● Your assignment: After locating the line that holds "968 S New Hampshire", repeat it and each following line exactly until the material ends, skipping pictures.

(Exercise materials Opens)

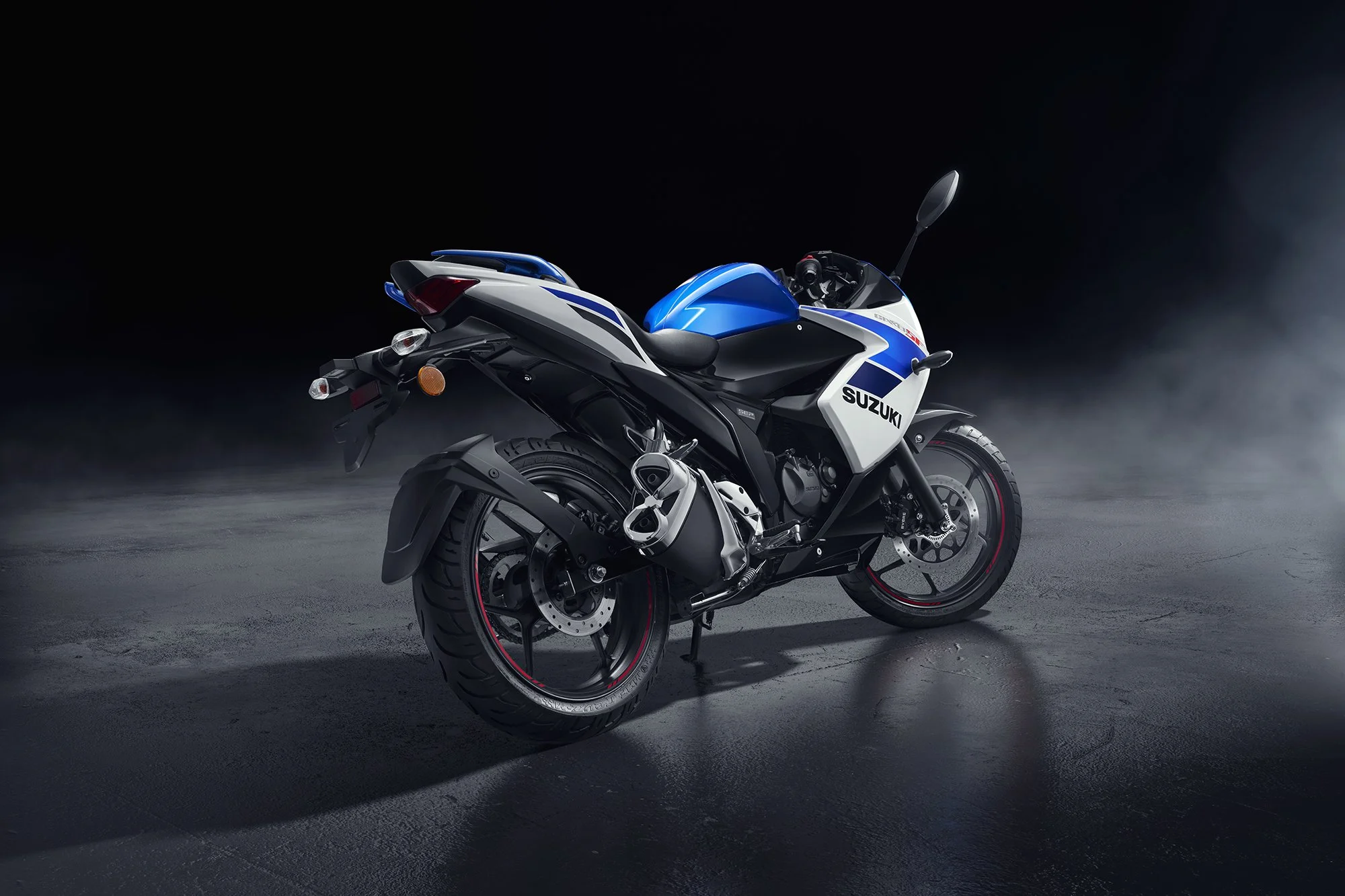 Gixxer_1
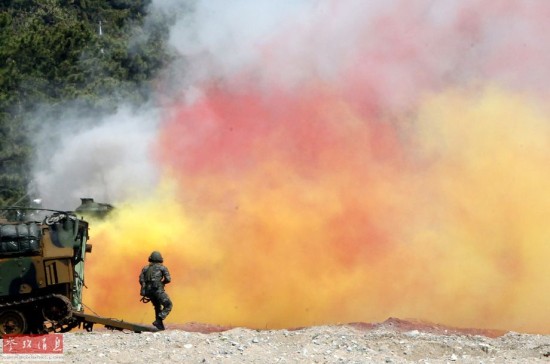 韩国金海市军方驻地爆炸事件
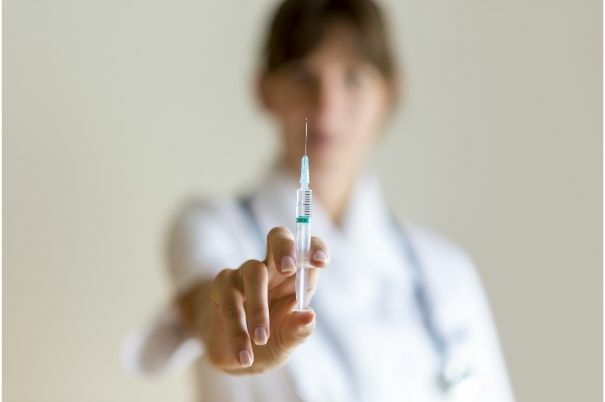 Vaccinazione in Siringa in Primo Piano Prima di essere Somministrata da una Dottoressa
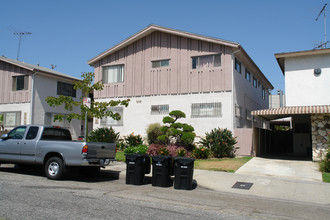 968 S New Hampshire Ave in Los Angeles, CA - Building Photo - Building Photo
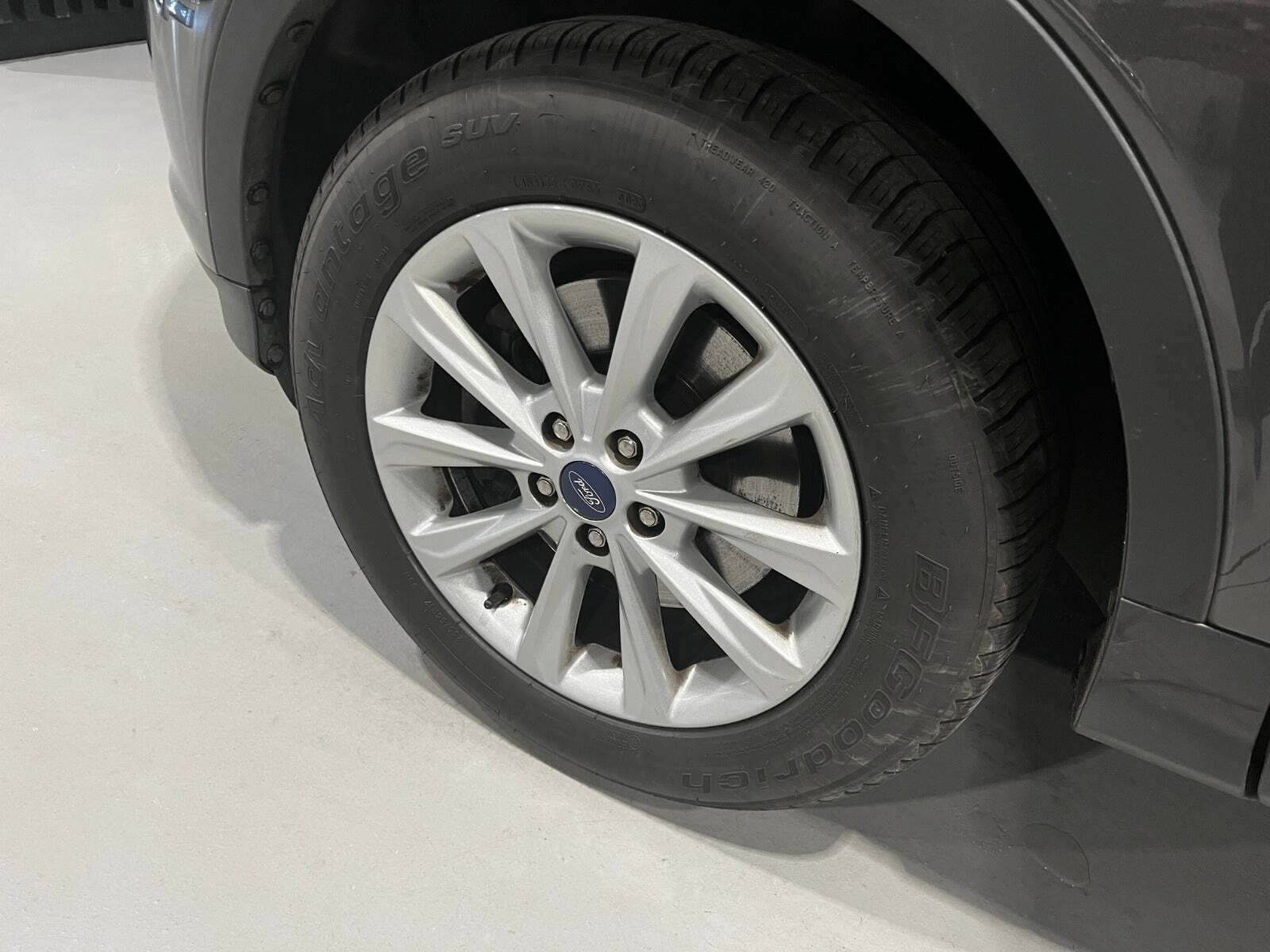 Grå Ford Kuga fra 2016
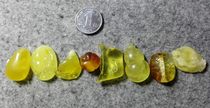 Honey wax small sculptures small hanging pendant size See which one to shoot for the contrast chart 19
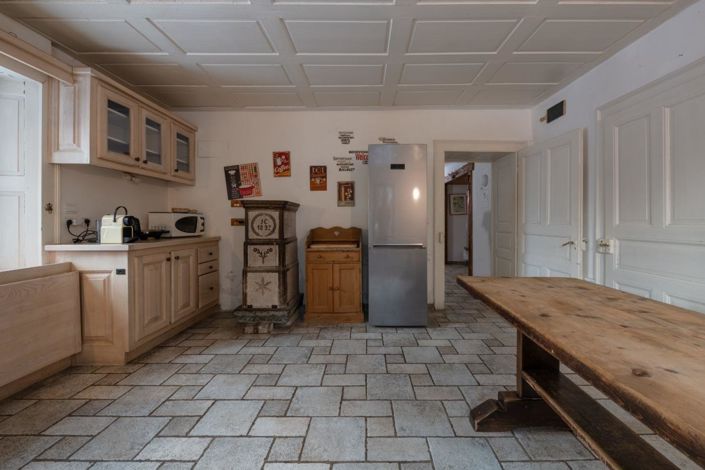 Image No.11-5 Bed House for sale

(Exercise materials Closes)

● Your solution:
 968 S New Hampshire Ave in Los Angeles, CA - Building Photo - Building Photo
 Grå Ford Kuga fra 2016
 Honey wax small sculptures small hanging pendant size See which one to shoot for the contrast chart 19
 Image No.11-5 Bed House for sale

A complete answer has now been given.